Ceramic Tiles - Introduction
The word ‘ceramic’ comes from the Greek word ‘keramikos’ meaning ‘pottery’. All ceramic products are therefore man-made.
The raw materials used in ceramic manufacture basically come from plastic raw materials which include kaolin, clay and bentonite and non-plastic raw materials such as feldspar, quartz, limestone, dolomite, magnesite, calcium phosphate and talc.
However, for the manufacture of ceramic tiles, clay, feldspar, pottery stone, silica sand and talc are normally used with clay being the fundamental raw material. The function of the clay is to give plasticity and binding characteristics to the mass, to provide good density level during firing and also to enhance the mechanical characteristics of the fired tiles.
Feldspar, a fluxing material provides the glassy phase and glaze as well as facilitates drying and release of gases during firing whereas silica sand acts as the filler and talc to increase the fusibility of the ceramic body.
Production of Ceramic Tiles
- In the production of ceramic tiles, various raw material are batched in the correct amounts and then grinded together with water into fine particles (slip).
- Moisture is then removed from the slip using a spray drying process.
- The resulting granulate powder or the clay paste is then put into moulds and pressed with a hydraulic press for strength and dimensional accuracy or wire cut into compacted pieces of unfired tile.

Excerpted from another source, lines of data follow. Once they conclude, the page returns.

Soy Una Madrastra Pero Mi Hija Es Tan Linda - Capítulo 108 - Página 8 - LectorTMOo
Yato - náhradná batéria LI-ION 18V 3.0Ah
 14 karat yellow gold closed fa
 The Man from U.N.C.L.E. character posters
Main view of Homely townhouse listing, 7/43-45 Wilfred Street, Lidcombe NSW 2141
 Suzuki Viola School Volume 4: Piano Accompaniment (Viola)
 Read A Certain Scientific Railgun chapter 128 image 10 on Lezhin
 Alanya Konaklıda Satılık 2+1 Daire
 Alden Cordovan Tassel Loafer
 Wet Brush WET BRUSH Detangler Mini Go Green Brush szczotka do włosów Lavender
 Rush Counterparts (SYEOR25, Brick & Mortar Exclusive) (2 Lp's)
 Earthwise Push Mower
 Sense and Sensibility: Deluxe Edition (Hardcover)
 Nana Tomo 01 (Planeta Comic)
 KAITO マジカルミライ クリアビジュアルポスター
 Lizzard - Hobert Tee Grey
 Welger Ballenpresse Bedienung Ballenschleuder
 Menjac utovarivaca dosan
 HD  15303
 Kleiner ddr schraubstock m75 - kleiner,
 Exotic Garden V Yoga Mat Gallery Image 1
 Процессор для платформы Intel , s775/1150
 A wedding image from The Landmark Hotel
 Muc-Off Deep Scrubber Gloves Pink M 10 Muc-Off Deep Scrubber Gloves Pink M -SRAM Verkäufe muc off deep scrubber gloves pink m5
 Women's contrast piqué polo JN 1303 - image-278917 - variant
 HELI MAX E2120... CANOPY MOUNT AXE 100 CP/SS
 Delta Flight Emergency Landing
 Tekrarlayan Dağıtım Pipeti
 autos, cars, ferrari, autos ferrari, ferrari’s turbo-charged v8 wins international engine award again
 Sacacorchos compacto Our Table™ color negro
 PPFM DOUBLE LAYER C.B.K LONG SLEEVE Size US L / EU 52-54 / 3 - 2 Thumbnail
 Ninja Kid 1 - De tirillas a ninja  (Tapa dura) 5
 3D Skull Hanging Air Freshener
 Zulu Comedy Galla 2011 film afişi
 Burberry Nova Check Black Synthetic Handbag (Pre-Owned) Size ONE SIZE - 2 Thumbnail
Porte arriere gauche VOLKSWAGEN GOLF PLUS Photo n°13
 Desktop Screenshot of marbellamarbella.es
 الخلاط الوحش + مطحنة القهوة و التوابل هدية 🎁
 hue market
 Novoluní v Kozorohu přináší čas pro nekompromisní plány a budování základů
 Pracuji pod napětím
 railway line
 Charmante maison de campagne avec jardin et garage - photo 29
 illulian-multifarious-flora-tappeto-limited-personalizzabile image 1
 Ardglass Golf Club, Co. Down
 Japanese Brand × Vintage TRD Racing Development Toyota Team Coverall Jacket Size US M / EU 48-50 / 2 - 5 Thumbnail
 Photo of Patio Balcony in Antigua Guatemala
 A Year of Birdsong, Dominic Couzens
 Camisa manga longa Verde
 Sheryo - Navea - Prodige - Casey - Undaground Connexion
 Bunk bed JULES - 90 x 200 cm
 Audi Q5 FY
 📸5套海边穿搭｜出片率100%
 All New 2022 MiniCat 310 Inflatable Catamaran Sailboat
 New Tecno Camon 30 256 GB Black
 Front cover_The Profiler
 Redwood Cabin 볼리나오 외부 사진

- Firing will transform the weak newly pressed tile into a strong durable product because of the chemical and physical reaction within the tile body during heating at high temperatures.
- After this the tile adopts the mechanical and aesthetic properties of a finished ceramic tile.
Advantages of Ceramic Tiles
Safety - The most significant property of ceramic tiles as compared to other flooring materials such as wood, carpets or linoleum vinyl is that they are fire-proof. Ceramic tiles do not burn or give off toxic fumes or gas during a fire. They do not absorb any fumes, odours or smoke. Ceramic tiles also do not accumulate electrostatic charge, thereby eliminating shocks from electrostatic build-up. These characteristics make them ideal for installation indoors, in rooms and other living areas where safety of the family is of priority.
Easy maintenance - Dust or residue normally do not stick to ceramic surfaces Cleaning is easy with appropriate cleaning products and a gentle wipe immediately after spills, making them ideal for kitchen areas, laundry room and counter-tops.
Durability - While most colouring materials fade with exposure to light, colours of ceramic tiles are often unaffected, making them ideal for outdoor use such as walkways and outdoor areas
Hygiene - Fired in kilns to extremely high temperatures, volatile organic compounds (VOCs) are eliminated from the finished products, making the tiles resistant to biological agents such as bacteria or microbes hence they are suitable for use in restaurants, schools, community halls, hospitals and offices where hygiene is essential.
With the above benefits and a wide variety of tile design, shape and surface texture available in order to produce any desired effect whether modern or classic, ceramic tiles are the right choice for any home.
Applications of Ceramic Tiles
These types of tiles are the most common and used in modern day construction. They come in a wide and flexible variety of colours, patterns and textures!
They contribute to the building blocks of modern contemporary interiors and design due to its dynamic aesthetic appeal.